2SLS and 3SLS

Two-stage Least Squares

G7 needs and has no special command for ordinary two-stage least squares. Consider the following system of equations:

y1 = f(y2, x1, x3)
y2 = g(y1, x2, x3)

To obtain the 2SLS estimates, first do:

r y1 = x1, x2, x3
rename predic z1
r y2 = x1, x2, x3
rename predic z2

The z’s now are the second stage regressors, so we do:

r y1 = z2, x1, x3
r y2 = z1, x2, x3

or, if we are building a model and want to have the correct names on the independent variables in the second stage regression, we can replace the last two lines by

rename z1 y1
rename z2 y2
r y1 = y2, x1, x3
r y2 = y1, x2, x3

Systemic Two-Stage Least Squares

The bane of two-stage least squares has been that there usually are so many exogenous variables and lagged values of endogenous variables in the system that the first-stage regressions fit so closely that there is no substantial difference between the OLS and the 2SLS estimates, especially if nonlinearities in the model are considered by including powers and cross products of the exogenous variables. G7 and Build offer a new way to deal with this problem. The procedure is simple. Estimate the equations of the model by OLS or other single-equation method. Build the model with these equations and simulate it over the historical period. The simulated values of the endogenous variables are not influenced by the errors in the structural equations. They therefore may be used as regressors in the second stage to obtain estimates free of simultaneous equation bias. There are two variants of this procedure. In the first, the simulation is done using the simulated values for lagged values of endogenous variables; the other uses the actual values of these variables.
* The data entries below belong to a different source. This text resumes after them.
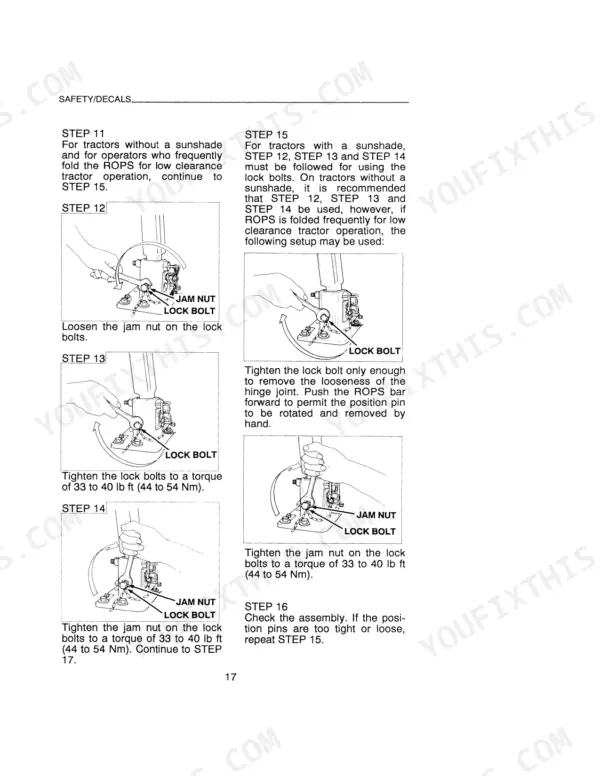 Case IH 1120, 1120 Tractor ROPS hinge adjustment and torque procedure steps 11-16 with jam nut and lock bolt diagrams.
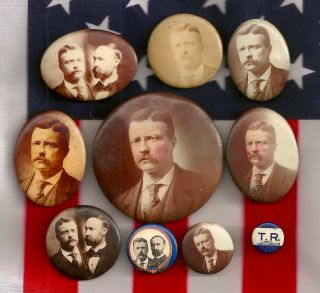 Teddy Roosevelt Political Campaign Pinback Button Republican Jugate Gop Group
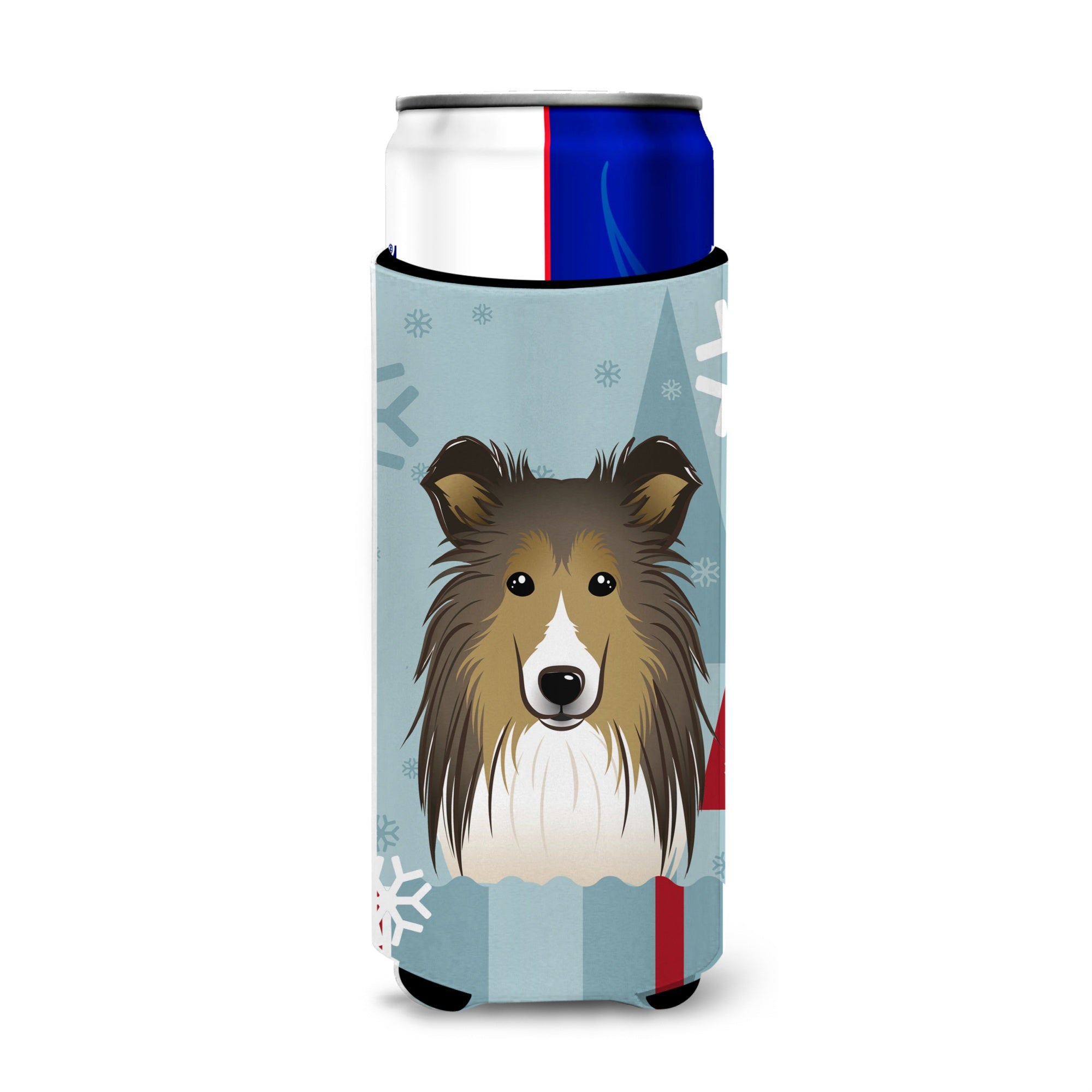 Caroline'S Treasures Winter Holiday Sheltie Michelob Ultra Koozies For Slim Cans, Multicolor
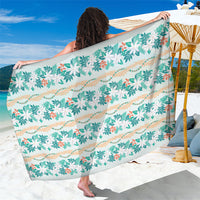 Monstera Tiare Plumeria Lei Pattern Sarong Teal Version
To perform the first variant, perform the simulation without any special command, copy the bank of simulation results to the G7 workspace, start G7, select the ‘b’ option on the opening menu, do “bank bws” to put the actual values in the assigned bank, give the command “second on” so that f commands are ignored, and re-estimate the equations with the same add files as originally used. With “second on”, the dependent variable of the regression will be taken from the assigned bank; all others come from the workspace, which contains the simulated values. To turn off the second feature, the command is “second off”.

For the second variant, give the command first to the Run program before giving it the run command. Run will now store the simulated values in the workspace as before, but it will use actual values of all lagged variables. You may now proceed as before to start G7 and give the second command. You will then be using simulated values of all independent variables. Alternatively, you can choose to use actual values of all lagged variables. To do so, proceed as before, but place an “a.” in front of the name of every lagged endogenous variable in an r command. The “a.” in front of a variable name causes G7 to look for the variable only in the assigned bank, where it will find the actual value.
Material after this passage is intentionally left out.